Request Review of draft-ietf-dnsop-domain-verification-techniques
Requested revision No specific revision (document currently at 04)
Type Early Review
Team ART Area Review Team (artart)
Deadline 2023-04-17
Requested 2023-03-31
Requested by Tim Wicinski
Authors Shivan Kaul Sahib , Shumon Huque , Paul Wouters , Erik Nygren
I-D last updated 2023-04-03
Completed reviews Dnsdir Early review of -02 by Jim Reid (diff)
Secdir Early review of -01 by Benjamin Kaduk (diff)
Artart Early review of -01 by Barry Leiba (diff)
Assignment Reviewer Barry Leiba
State Completed
Request Early review on draft-ietf-dnsop-domain-verification-techniques by ART Area Review Team Assigned
Posted at https://mailarchive.ietf.org/arch/msg/art/0sLNETjoYdNkTmr4d42w8VC-LDM
Reviewed revision 01 (document currently at 04)
Result Ready w/nits
Completed 2023-04-03
review-ietf-dnsop-domain-verification-techniques-01-artart-early-leiba-2023-04-03-00
This is short and reasonably sweet, easily digested.  I have a few minor
comments that I think will help make the document slightly clearer, and I hope
you'll consider them:

— Section 3.1 —

I think this is generally understandable, but reuse of “it” does allow room for
error.  I suggest avoiding vagueness, possible ambiguity, and misunderstanding
as follows:

OLD
   1.  Generate a Random Token with at least 128 bits of entropy.

   2.  Take the SHA-256 digest output [SHA256] of it.

   3.  base64url encode it.

NEW
   1.  Generate a Random Token with at least 128 bits of entropy.

   2.  Create a SHA-256 digest [SHA256] of the Random Token.

   3.  base64url encode the SHA-256 digest.

END

(And you might include RFC 4648 as a reference for base64url encoding.)

One thing that I do find unclear is this:

   Providers MUST provide clear instructions on when a verifying record
   can be removed.  The user SHOULD de-provision the resource record
   provisioned for a DNS-based domain verification challenge once the
   one-time challenge is complete.  These instructions SHOULD be encoded
   in the RDATA via comma-separated ASCII key-value pairs [RFC1464]
   using the key expiry.  If this is done, the token should have a key
   token.  For example:

_foo-challenge.example.com.  IN   TXT 
"token=3419...3d206c4,expiry=2023-02-08T02:03:19+00:00"
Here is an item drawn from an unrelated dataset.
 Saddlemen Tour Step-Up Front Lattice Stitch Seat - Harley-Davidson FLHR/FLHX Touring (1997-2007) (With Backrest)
First: It’s unclear how a one-time challenge fits in with an “expiry” key.  Is
it meant to be the case that lack of an “expiry” key means that the “token” is
meant for one-time use, and presence of “expiry” makes it time-based?  Or
something else?  I think this could be clearer.

Second: “the token should have a key token” confused me until I finally
realized that you ought to be using quotes to identify the key names, thus:

NEW
   These instructions SHOULD be encoded
   in the RDATA via comma-separated ASCII key-value pairs [RFC1464]
   using the key “expiry”.  If this is done, the token should have a key
   “token”.
END

That makes it clearer that the key names are not just words in the explanatory
text.

— Section 3.2 —

In the newspaper business, what you’ve done here is called “burying the lede”. 
I suggest instead, leading with the recommendation and following with the
reasoning:

NEW
   Because CNAME records cannot co-exist with any other data, it is
   NOT RECOMMENDED to use CNAMEs for DNS domain verification.

   Reasoning: What happens when both a CNAME and other records exist
   depends on the DNS implementation, and might break in unexpected
   ways.  If a CNAME is added for continuous authorization, and for
   another service a TXT record is added, the TXT record might work but
   the CNAME record might break.  Another issue with CNAME records is
   that they must not point to another CNAME.  But while this might be
   true in an initial deployment, if the target that the CNAME points to
   is changed from a non-CNAME record to a CNAME record, some DNS
   software might no longer resolve this as expected.  However, when
   using a properly named prefix, existing CNAME records should never
   conflict with regular CNAME records.